Chief Executive Eamonn O’Reilly said the Port of Dublin
expects “strong growth – in volumes and EBITDA – with continued capital investment in port infrastructure”.

Capital investments amounted to €59.1m in 2020 and €71.6m in 2021, with a budgeted investment for 2022 of €83.3m.

Mr O’Reilly – who will step down in August after 12 years as CEO – said the port expects ‘to see volumes start to rise again in 2022 and surpass the all-time high of 2019, possibly as soon as 2023″.

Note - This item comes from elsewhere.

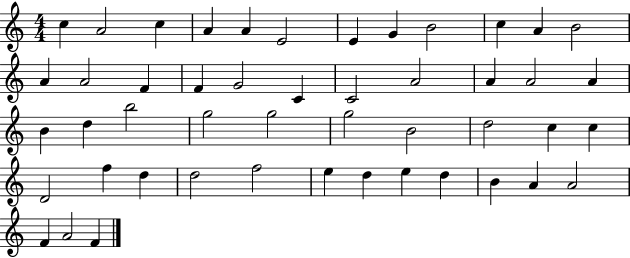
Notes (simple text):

C5/q A4/h C5/q A4/q A4/q E4/h E4/q G4/q B4/h C5/q A4/q B4/h A4/q A4/h F4/q F4/q G4/h C4/q C4/h A4/h A4/q A4/h A4/q B4/q D5/q B5/h G5/h G5/h G5/h B4/h D5/h C5/q C5/q D4/h F5/q D5/q D5/h F5/h E5/q D5/q E5/q D5/q B4/q A4/q A4/h F4/q A4/h F4/q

He indicated that border controls by State services are working very effectively, insofar as the company is asking for the return of at least half of the 14.6 hectares of port land ceded to facilitate port operations. border inspection.

“This is a critical challenge if we are to mitigate the already emerging capacity pinch points,” he said.

Last year, Dublin Port recorded 845,236 ferry passengers, up from 1.9 million in 2019. There were no cruise calls at Dublin Port in 2021. There was one in 2020 and 158 in 2019.

Mr O’Reilly’s salary package last year remained unchanged at €259,000 – €185,000 salary, fees of €13,000 plus pension and taxable benefits of €61,000.

The number of people earning over €100,000 at Dublin Port last year increased from 42 to 56 – Four people earned between €175,000 and €200,000, four earned between €150,000 and €175,000, 18 earned between €125,000 and €150,000 and 30 earned between €100,000 and €125,000.

Last year, the number of employees at the Dublin Port Company increased from 154 to 156 and personnel costs rose from 16.14 to 17.5 million euros. The remuneration of the main executives amounted last year to 2.15 million euros.

Dublin Port’s equity at the end of last year was €535 million, including cumulative profits of €520.4 million.

The port company’s cash flow increased from €160.13 million to €123.9 million last year. No dividend was paid.